Il y a ce qu’il arrive à établir de science sûre, preuves à l’appui : par exemple que Pearl a été torturé puis enterré dans une maison appartenant à une fausse organisation de bienfaisance qui sert de faux nez à Ben Laden ; que c’est à Binori Town, à Karachi, que sont formés aujourd’hui les bataillons d’élite d’Al-Qaïda ; par exemple encore que Omar Sheikh – que Ben Laden appelle « my favored son » – est mêlé au 11 septembre ou encore que l’assassinat de Pearl a été une conjuration massive d’Al-Qaïda et des services secrets pakistanais, le fameux ISI.
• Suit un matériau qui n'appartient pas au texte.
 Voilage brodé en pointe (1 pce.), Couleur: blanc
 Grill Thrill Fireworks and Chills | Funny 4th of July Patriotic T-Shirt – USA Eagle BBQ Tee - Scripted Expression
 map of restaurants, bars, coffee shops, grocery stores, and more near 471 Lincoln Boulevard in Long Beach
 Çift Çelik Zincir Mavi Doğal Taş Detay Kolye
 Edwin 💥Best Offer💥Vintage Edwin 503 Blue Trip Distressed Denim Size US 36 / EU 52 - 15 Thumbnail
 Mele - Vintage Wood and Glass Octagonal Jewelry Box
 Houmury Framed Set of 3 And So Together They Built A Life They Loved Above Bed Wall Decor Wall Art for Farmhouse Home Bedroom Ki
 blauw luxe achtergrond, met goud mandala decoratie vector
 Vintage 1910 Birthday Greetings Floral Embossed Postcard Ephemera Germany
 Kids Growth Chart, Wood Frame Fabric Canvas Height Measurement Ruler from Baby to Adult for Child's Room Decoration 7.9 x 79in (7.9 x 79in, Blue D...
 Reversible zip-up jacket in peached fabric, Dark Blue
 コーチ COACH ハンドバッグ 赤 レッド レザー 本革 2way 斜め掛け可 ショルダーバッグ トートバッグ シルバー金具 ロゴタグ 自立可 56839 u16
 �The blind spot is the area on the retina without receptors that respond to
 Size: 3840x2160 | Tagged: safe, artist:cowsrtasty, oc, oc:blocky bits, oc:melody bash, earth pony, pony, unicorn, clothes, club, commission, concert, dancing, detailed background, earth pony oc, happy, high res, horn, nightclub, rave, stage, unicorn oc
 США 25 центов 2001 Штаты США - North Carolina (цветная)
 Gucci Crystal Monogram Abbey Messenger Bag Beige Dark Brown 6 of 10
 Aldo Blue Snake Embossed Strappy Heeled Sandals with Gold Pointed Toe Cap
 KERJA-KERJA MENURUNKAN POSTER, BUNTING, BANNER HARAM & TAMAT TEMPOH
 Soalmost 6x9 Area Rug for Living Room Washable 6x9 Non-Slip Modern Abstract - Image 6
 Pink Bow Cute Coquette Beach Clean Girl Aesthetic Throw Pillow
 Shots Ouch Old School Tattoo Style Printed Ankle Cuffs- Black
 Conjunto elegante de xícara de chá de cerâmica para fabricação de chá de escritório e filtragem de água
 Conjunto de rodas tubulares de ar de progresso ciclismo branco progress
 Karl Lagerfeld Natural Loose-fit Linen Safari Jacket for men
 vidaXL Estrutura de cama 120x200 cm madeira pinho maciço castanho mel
Et il y a, à côté de cela, l’hypothèse que Lévy propose pour expliquer le fait que Pearl ait été à un moment donné, considéré comme dangereux par ses ravisseurs. C’est qu’il était sans doute en train d’enquêter sur la bombe atomique pakistanaise. On a compris qu’il s’agit ici d’un livre de courage. Par-delà l’hommage rendu à un journaliste admirable de dignité – l’ouvrage est d’ailleurs dédié à son fils Adam – c’est la première fois que l’on parle, en nommant les choses par leur nom, du « monde de l’islamisme radical avec ses codes, ses mots de passe, des territoires secrets, ses mollahs de cauchemar qui soufflent la folie dans les âmes, ses petites mains, ses maréchaux ».

C’est la première fois que le Pakistan est désigné comme le « pays drogué au fanatisme » pour ne rien dire de l’antisémitisme enragé de ses habitants et que l’on décrit le djihadisme qui fonctionne dans les camps comme à la fois un mode de vie et d’être au monde autant qu’une disposition à la guerre.

Mais ce livre est aussi une mise en garde et un appel. La partie de bras de fer que les nouveaux barbares engagent avec les démocraties ne fait, dit Lévy, que commencer.